Statistics Flashcards
definition of statistics?
use of a study to explore the most important/concise information from a huge set of data using a small set of data
definition of population/global data?
a huge set of data to be investigated, or an experimental set of data with a specific condition
definition of a sample(s)?
a small set of data from the population/global data
definition of sampling?
randomly taking a set of samples from population data
why should sampling always be randomised?
randomised sampling means the data will always be representative of the bigger population
what key indexes are used to represent a set of data?
- Mean
2. Standard deviation (SD)
what is the definition of mean?
the mean is an an average:
the sum of the samples/total number of samples
what is the meaning of mean in terms of data distribution?

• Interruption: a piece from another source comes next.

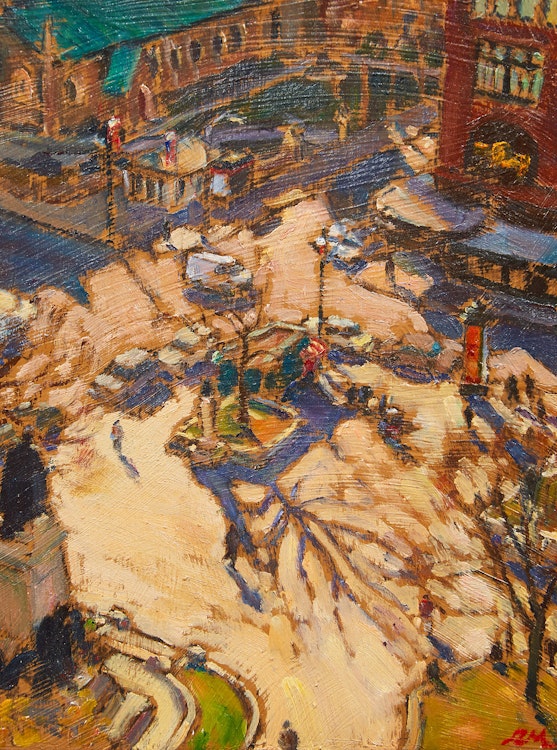 Artwork by Richard Montpetit, Statue sur plombant le Square Phillips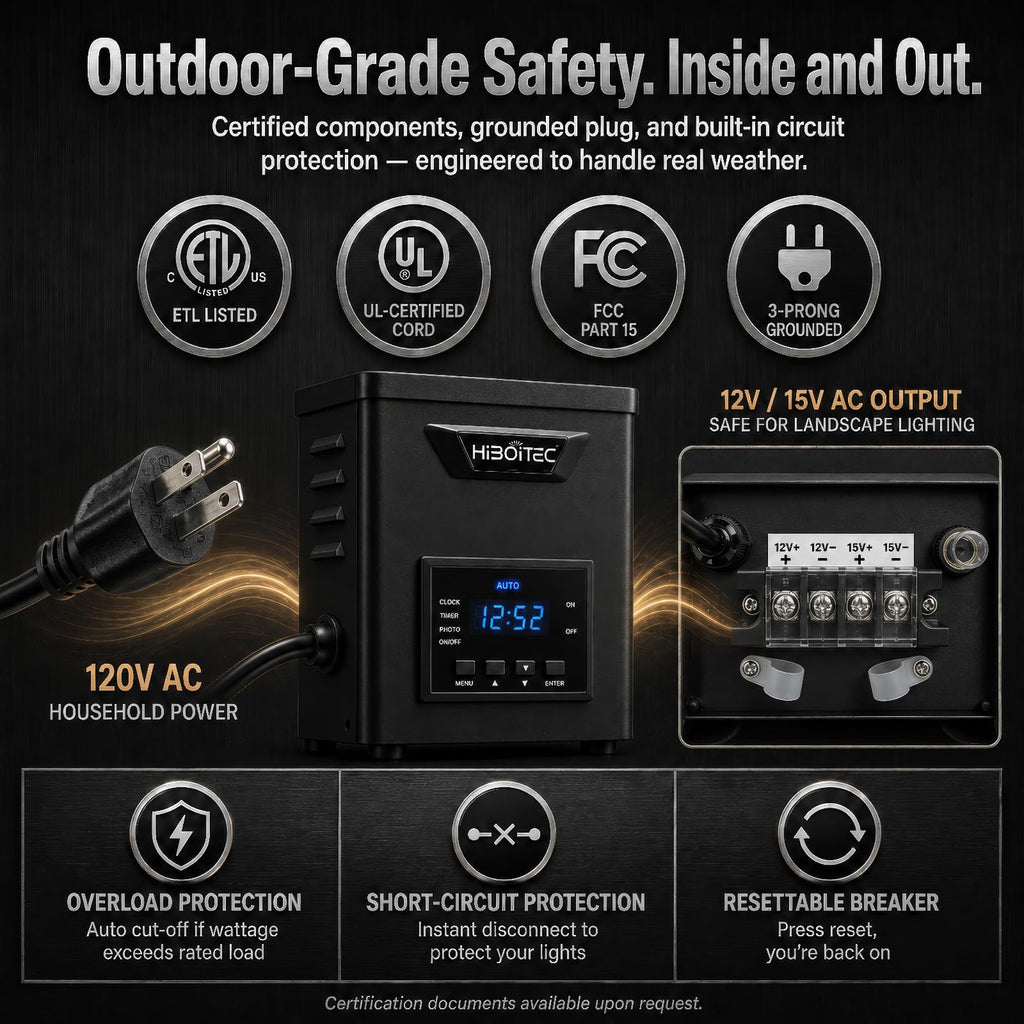 400W Low Voltage Landscape Transformer with Photocell Sensor Timer V687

the mean gives information concerning how the data is CONCENTRATED
what is the definition of standard deviation?
the SD indicates how much the values of a data set vary from the mean value on average
i.e. gives the average distance from samples to a centre value (mean)
what is the meaning of standard deviation in terms of data distribution?
the standard deviation gives information concerning how the data is SEPARATED
what is the equation for standard deviation?
(can’t write oot just write doon)
what does ‘frequency of data’ mean in stats?
the number that similar data occurs
what does ‘distribution of data’ mean in stats?
the shape constructed by data frequencies
what relationship exists between the frequency of data and distribution of data?
data frequencies plotted together will establish a pattern - the distribution of data
In SPSS, what can users do with the Variable View interface?
define a variable: by name, type and labelling.
In SPSS, what can users do with the Data View interface?
edit data: e.g. copy, paste, delete.
when defining a variable in SPSS, what ‘type’ of data is preferred and why?
Numeric data - can be changed into another form
if a huge number of samples are collected from variables with natural characteristics, the data may form a famous distribution.
What is that?
What shape does it look like?
At the peak position of this distribution, what key value is expected?
A normal distribution curve.
Bell-shaped.
Peak position - the mean.
In Normal Distribution, how much data would be included in the approximate range of:
mean +/- 1 standard deviation?
mean +/- 2 standard deviation?
mean +/- 3 standard deviation?
mean +/- 1 SD : 68%
mean +/- 2 SD: 95%
mean +/- 3 SD: 99%
In stats there are 3 main data types. What are they?
- Numeric data
- e.g. body mass, age, score - Nominal data
- categories without rank
- e.g. gender, colour, weekday - Ordinal data
- categories with rank
- e.g. feeling, satisfaction, visual analogy scale
What types of files can be imported into SPSS directly?
txt
excel file
import data manually
What are the most important indexes to report on in normal data distribution description?
- Mean
- Standard Deviation
- Standard error of mean
- 95% confidence interval: mean +/- 2SEM
- Max and Min values
What is the definition of Standard Error of Mean (SEM)?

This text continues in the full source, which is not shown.